4. KISAH CINTANYA DENGAN TITIEK
Prifko memulai bagian tulisannya dari kisah percintaan klasik yang selalu diwarnai penderitaan dan pengorbanan. Sampek Engtay memilih berkorban jadi kupu-kupu, Pengeran Guruminda turun dari khayangan ke bumi berkorban jadi Luntung Kasarung untuk mendapatkan cinta Putri Purbasari.,
Film Titanic, Jack Dawyson rela tewas kedinginan agar Rose DeWitt Bukater selamat. Bisa jadi, kisah cinta Titiek dan Prabowo juga salah satu kisah romansa. Mereka tidak dipisahkan karena perselingkuhan atau rebutan harta warisan. Kedua lebih tepat berpisah karena politik, Soeharto turun karena menantunya memilih membiarkan mahasiswa menduduki Gedung DPR RI ketimbang banyak mahasiswa jadi martil.

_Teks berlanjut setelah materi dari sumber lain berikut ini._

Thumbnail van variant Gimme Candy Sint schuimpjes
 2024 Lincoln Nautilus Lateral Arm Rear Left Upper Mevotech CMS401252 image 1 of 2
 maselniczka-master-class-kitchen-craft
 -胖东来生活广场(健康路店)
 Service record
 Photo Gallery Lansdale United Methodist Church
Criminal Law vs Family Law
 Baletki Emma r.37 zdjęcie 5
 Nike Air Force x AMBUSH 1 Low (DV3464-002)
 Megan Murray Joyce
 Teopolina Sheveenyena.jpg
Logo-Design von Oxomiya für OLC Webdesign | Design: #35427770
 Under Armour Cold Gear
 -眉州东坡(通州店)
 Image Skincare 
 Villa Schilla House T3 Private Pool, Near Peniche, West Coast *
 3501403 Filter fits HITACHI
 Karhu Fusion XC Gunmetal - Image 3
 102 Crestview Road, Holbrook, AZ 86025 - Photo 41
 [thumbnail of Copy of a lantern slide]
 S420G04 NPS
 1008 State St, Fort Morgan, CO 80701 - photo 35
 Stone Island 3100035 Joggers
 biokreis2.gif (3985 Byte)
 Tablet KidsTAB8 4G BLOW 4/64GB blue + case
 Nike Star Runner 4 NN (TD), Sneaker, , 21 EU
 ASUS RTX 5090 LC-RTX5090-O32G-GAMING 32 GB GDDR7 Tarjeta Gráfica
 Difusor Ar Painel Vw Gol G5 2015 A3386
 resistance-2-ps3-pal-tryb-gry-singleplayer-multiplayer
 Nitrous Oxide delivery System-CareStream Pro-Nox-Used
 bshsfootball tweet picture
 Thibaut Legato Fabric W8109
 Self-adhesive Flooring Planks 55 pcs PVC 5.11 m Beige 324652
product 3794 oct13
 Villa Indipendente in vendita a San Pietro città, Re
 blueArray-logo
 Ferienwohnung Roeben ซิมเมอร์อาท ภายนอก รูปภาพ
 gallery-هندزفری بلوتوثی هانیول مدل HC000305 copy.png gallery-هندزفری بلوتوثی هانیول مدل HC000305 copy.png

Saat hendak membuka tulisan akhir berjudul "Mengapa Harus Prabowo", saya terjaga mendengar suara awak pesawat yang meminta penumpang menyandarkan badan karena pesawat siap-siap mendarat ke bumi. Oala, tak terasa, saya sudah terbang 30-an menit bersama Si Gemoy di lapisan troposfer, untung tak sampai stratosfer, mesosfer, termosfer hingga eksosfer dibawa Prifko.
Bumi semakin dekat, saya berharap ketemu Ganjar Pranowo dan Anies Baswedan atau orang-orangnya setegak lurus Prifko Yuhady membela Prabowo Subianto. Trimakasih Rene Semuluyan dan Muhammad Tahta RYu yang sudah repot-repot mengirimkan buku Rene Semuluyan dan Muhammad Tahta RY ke kantor sederhana saya. Tabiik puuun!